I personally use GitLab as well for customer projects, and really enjoy much of their CI/CD implementation. But TYPO3 Core development does not need this - and TYPO3 Core will not change this in the next 12 months at all. Christian Kuhn literally spent hundreds of hours to get this setup with Bamboo as it is right now, and I hope we finished this now. Moving to GitLab CI would be possible, but just not important from our PoV right now - plus, Bamboo is hosted with TYPO3 GmbH, so we’d need to check with them.

GitLab self-hosted has obviously more features at hand, but question is, if we are going to use them in TYPO3 Core development.

We can evaluate other features we currently do not use (Boards, Groups, Teams) of course, but that doesn’t seem to be a show stopper now.

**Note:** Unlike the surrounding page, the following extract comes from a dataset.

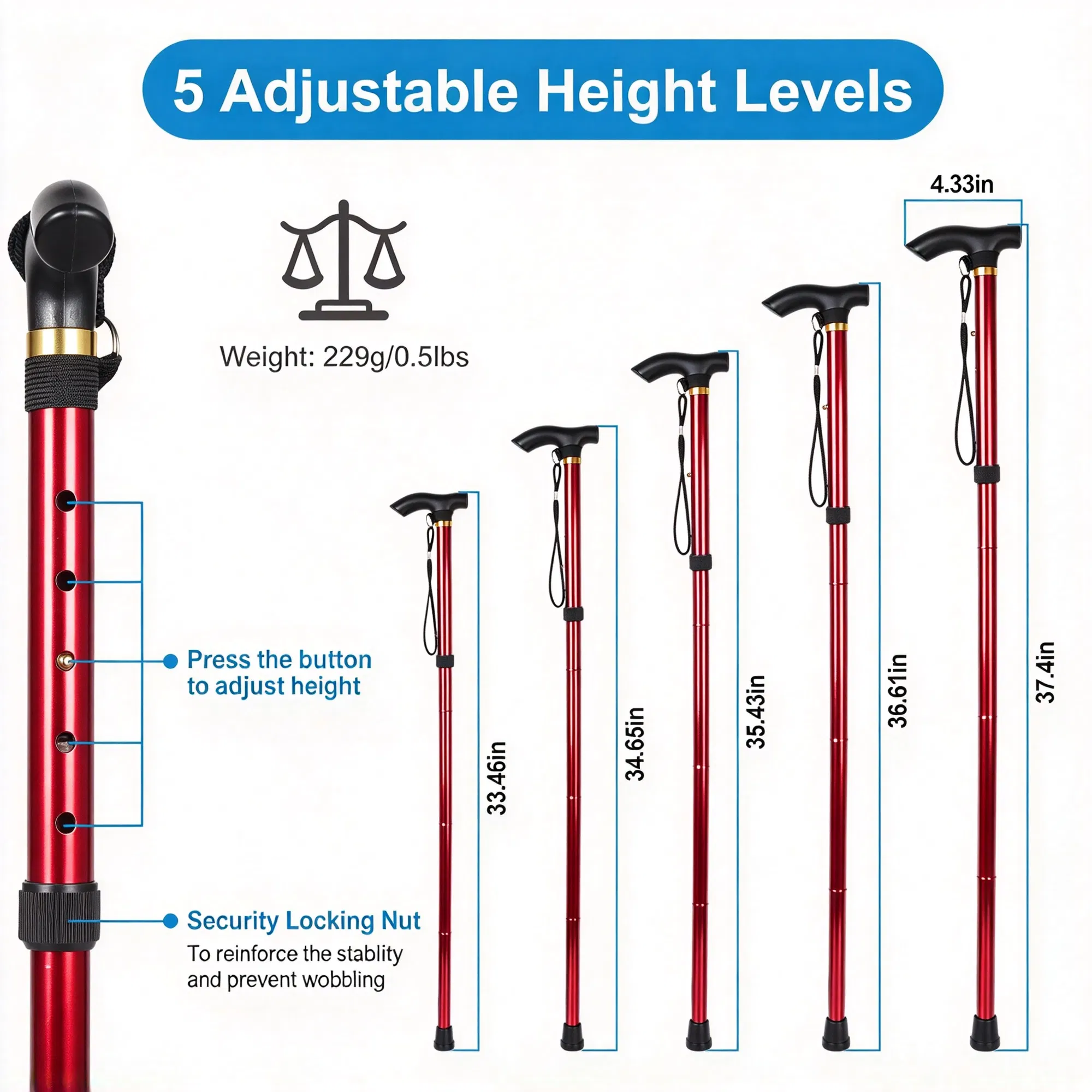 Folding Aluminum Hiking Stick with T-Handle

Self-hosted brings the burden of having to maintain the system by the community / server team with limited resources these days. So we’d need some more people continuously helping the server team maintaining and improving self-hosted GitLab - but at least there is some knowledge there from Andri.

  1. Review Process

In ANY option (GitHub.com, GitLab.com, Self-Hosted GitLab) the discussion came up that we could also replace our review system Gerrit with PR/MR concepts. To be honest, I haven’t fully evaluated all consequence fully, so I don’t have a full grasp on the consequences yet. I know that certain changes will become more difficult to review, while I hope that overall contribution rate will increase. I - and I guess no one - cannot foresee this. One thing for sure is that with Gerrit switching the underlying Git Repository to talk to GitHub.com, GitLab.com or Self-Hosted GitLab instead of git.typo3.org is doable with little effort. So this leaves the biggest question mark for me, if we should actually move the reviewing system as well.

  1. Private repositories / Security-related issues

IF we are going to move to something else than git.typo3.org/Gerrit there will be benefits how security issues are handled. Both Helmut and Olly, involved in core security in the past, have mentioned that. GitHub.com comes with a price tag, the other options don’t.

  1. Work load to do the actual change and maintenance

I do like the spirit of the discussion here, and it’s good to talk all options out. At the end, there needs to be a decision, and after that, there will be lots of work to be done. Regardless of which option to choose. This is not just done with a “one-time-migration-tool”, but lots of education, docs, refining various things, and that means - man-power from people willing to spend lots of their time to do the change, believing that TYPO3 will benefit from this change in the future years.
There are lots of opinions, but we also need people willing to spend quite a few days dealing with the actual migration, sorting out issues and solving problems, updating docs, setting up infrastructure or talking to GitLab/GitHub, and maintaining the new infrastructure for a decent amount of time. So, now that most of the issues have been addressed, a migration plan should be put into place, to find out how much time it will take to do the change (GitLab/GitHub/GitLab self-hosted) and who would be willing to lead such a working group.

My take - and sole motivation for this discussion - is actually that I truly believe switching to a more widely-known system will increase the visibility, contribution rate, adoption rate of TYPO3 - opening up doors to people that haven’t fallen in love with TYPO3 yet - that’s my mission.